July 20, 2016
Contact: Dan Beeton, 202-239-1460
Washington, D.C. — A report on polling data first published on Saturday by Folha de São Paulo, Brazil’s largest-circulation newspaper, contained errors that were so “huge and fundamentally important to the current political crisis that they require much more than the usual correction,” CEPR Co-Director Mark Weisbrot stated today.
“Bad polling happens quite often, but these are errors in both polling and reporting of a whole different magnitude,” said Weisbrot.
As noted by The Intercept yesterday, Folha de São Paulo had reported that according to a poll conducted by the firm Datafolha, 50 percent of Brazilians wanted the interim president Michel Temer to serve through 2018; 32 percent wanted the elected president Dilma Rousseff to do this (the end of her current term of office); 4 percent wanted neither of the two; and just 3 percent wanted new elections.
However, upon release of the survey data, it was discovered that respondents were not given a choice between these four options. Rather, they were asked to choose between just two possibilities: either Temer or Dilma serving out the remainder of the current term, which goes through the end of 2018.
The 4 percent who chose neither, and the 3 percent who opted for new elections, consisted only of respondents who were not responding to the question as asked.
“It is therefore false and grossly misleading to report, as Folha de São Paulo and many other news outlets did, that this poll finds half the country in favor of the interim president, Michel Temer, remaining in office through 2018,” Weisbrot said.

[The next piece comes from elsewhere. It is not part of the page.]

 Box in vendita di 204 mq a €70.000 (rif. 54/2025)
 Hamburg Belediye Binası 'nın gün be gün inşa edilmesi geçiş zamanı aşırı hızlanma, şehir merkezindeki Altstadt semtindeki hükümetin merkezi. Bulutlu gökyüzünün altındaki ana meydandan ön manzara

“Most importantly, there are potentially huge consequences to this false report if it is not corrected: it would give Brazilian senators, who will decide Dilma’s fate in about three weeks, political cover to convict Dilma and remove her from office, and to allow Temer to rule until the end of 2018.”
As noted by journalists Glenn Greenwald and Erik Dau of The Intercept, a previous poll on April 25 “found that 62 percent wanted both Dilma and Temer to leave office and then new elections held; 25 percent wanted Dilma to remain and complete her term; and only 8 percent favored what has happened thus far: that Dilma is removed and Temer remains as president.”
As the article points out, it is simply not believable that the number of people favoring new elections dropped from 62 percent to 3 percent in the past three months; or that the number of people who want Temer to finish Dilma’s term jumped from 8 percent to 50 percent. (Since April, the new government has been battered by a number of scandals, involving three ministers who resigned, and implicating interim president Temer.)
Rather, the results are obviously driven by the limited choices offered to respondents.
“Every news outlet that repeated this false and misleading report has a journalistic responsibility to fully correct the record and provide its audience an explanation of what is wrong with this poll,” said Weisbrot. “To do less would be worse than irresponsible.”